Generic answer that may or may not help:
Generally think of the soundscape as a 3D space. Panning places things L to R. Volume and reverb can make things seem farther away or closer. Pitch/tone kind of places things vertically. Given that, plop things in so that it stays fairly balanced, panned as wide or narrow as you like.

And generally keep bass guitar, kick, snare and lead vocals fairly close to center, unless you are going for a particular effect.

Is that better? Scheesh! :rolleyes:
Well, what I'm saying it that I want it to have a good heavy sound, you know, downtuned guitars with heavy distortion. I want to pan it so it'll sound good on a stereo like it was recorded in a studio.

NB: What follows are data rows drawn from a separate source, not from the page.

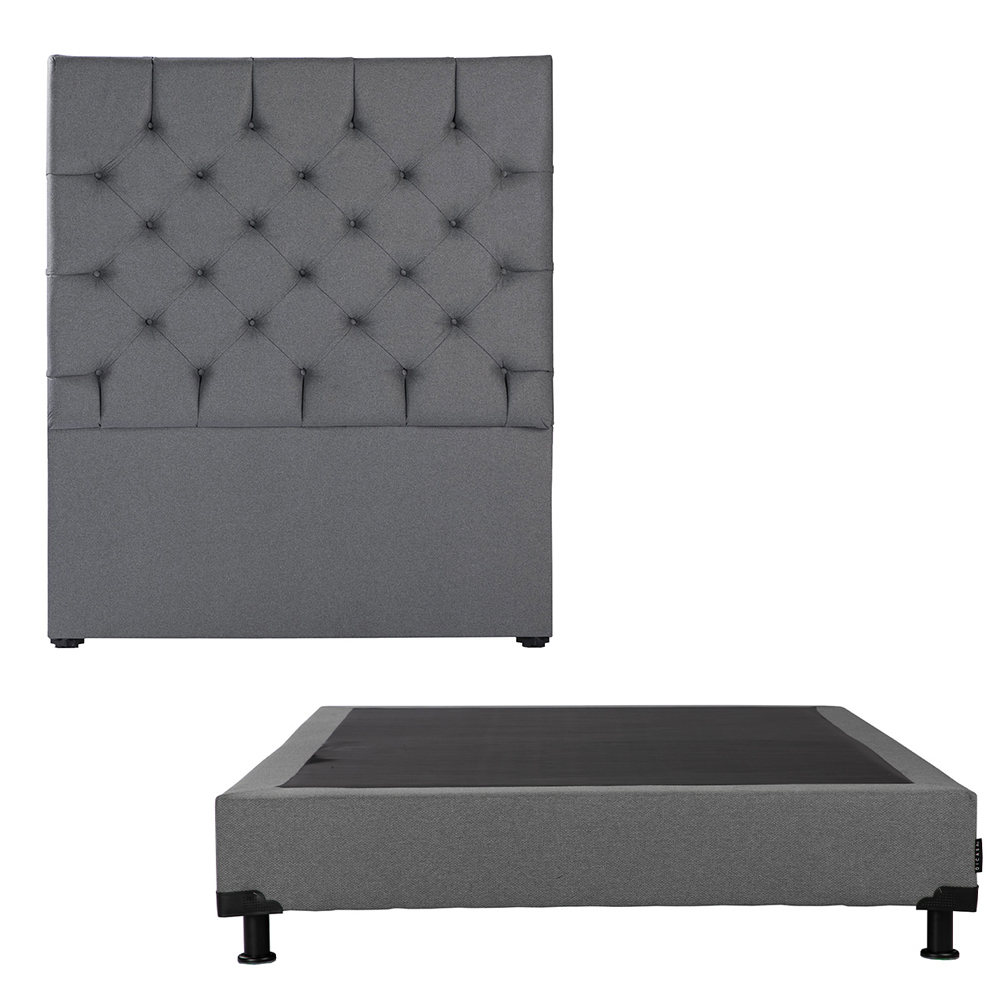 Cabecera Dicasa Capri Box Color Gris Matrimonial + Box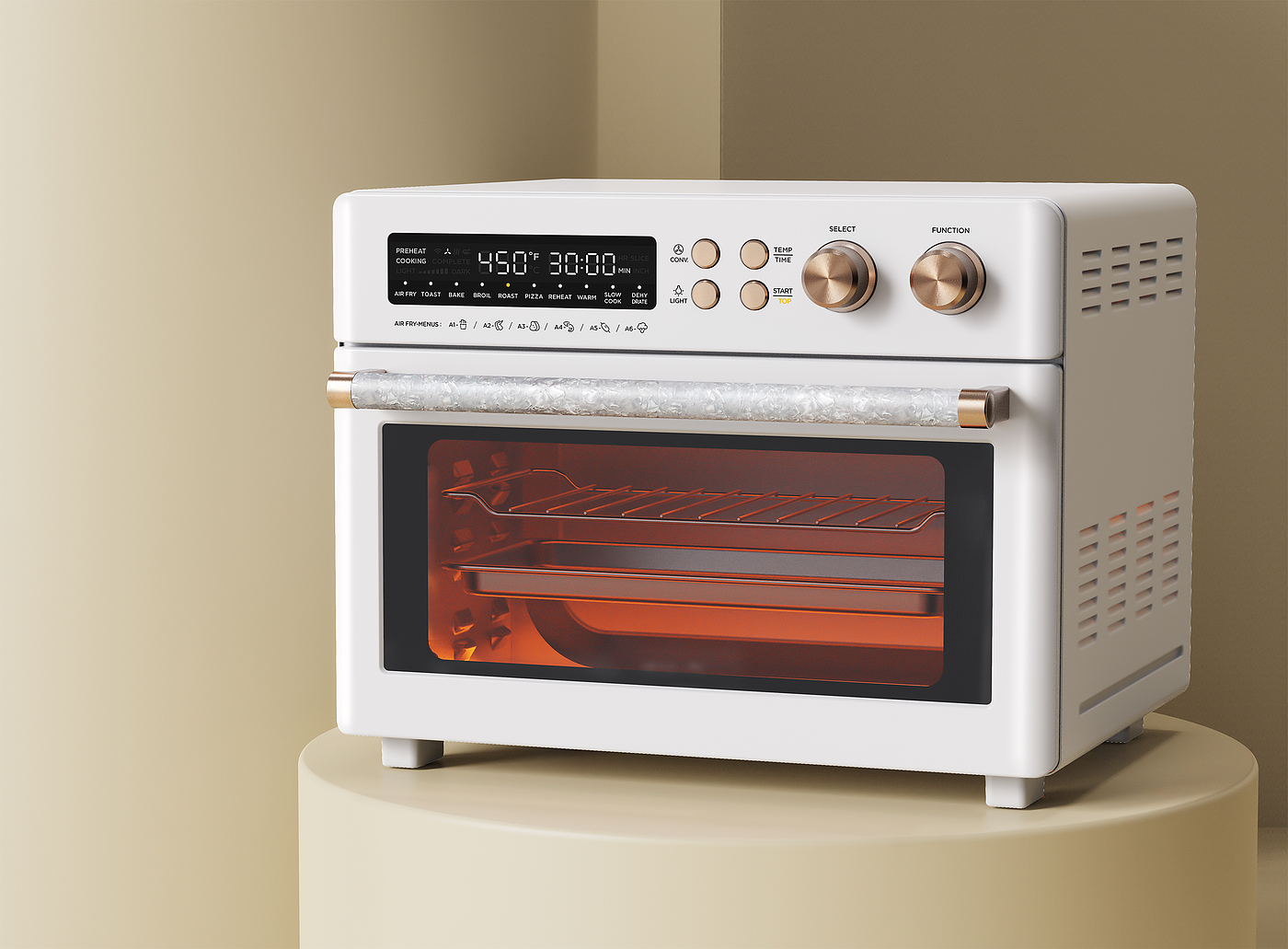 product design，industrial design，Kitchen appliances，Visual rendering，oven，Beautiful，cmf，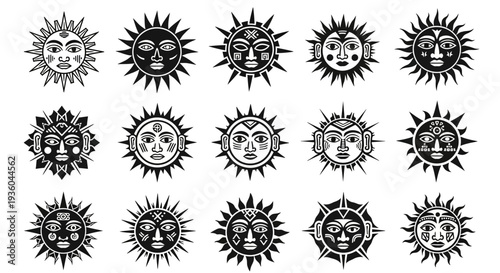 Collection of Diverse Sun Face Icons, Tribal Ethnic Amulets, Astrology Symbols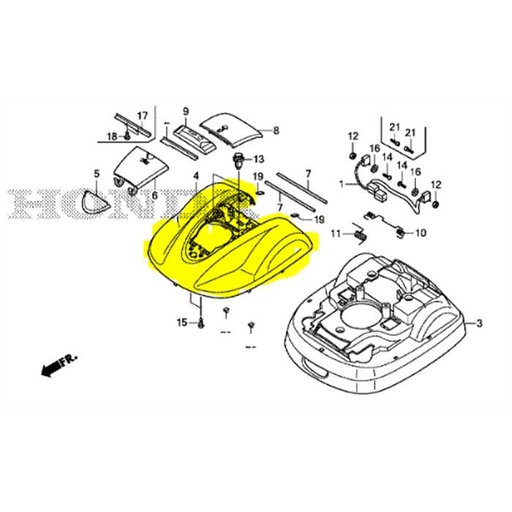 Couvercle supérieur HRM310 63302-VP7-D10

Any clearer?
 
Well, what I'm saying it that I want it to have a good heavy sound, you know, downtuned guitars with heavy distortion. I want to pan it so it'll sound good on a stereo like it was recorded in a studio. Any clearer?
Yes. If it's only a rhythm part, I'd suggest double tracking (recording two entirely seperate takes of the same part, recorded as closed to identically as possible) and panning opposite one another fairly significantly (50-100%). Start there, and adjust to taste.

Double tracked distorted rhythm guitars almost always sound better than only one.

I'll leave it to the rest of the group to offer further suggestions. Really it's 90% a matter of taste and preference.
 
Andy hit most of the high points. Double (or maybe even more) track any instrument that's designed to fill out your sound (rhythm guitars, pianos, etc).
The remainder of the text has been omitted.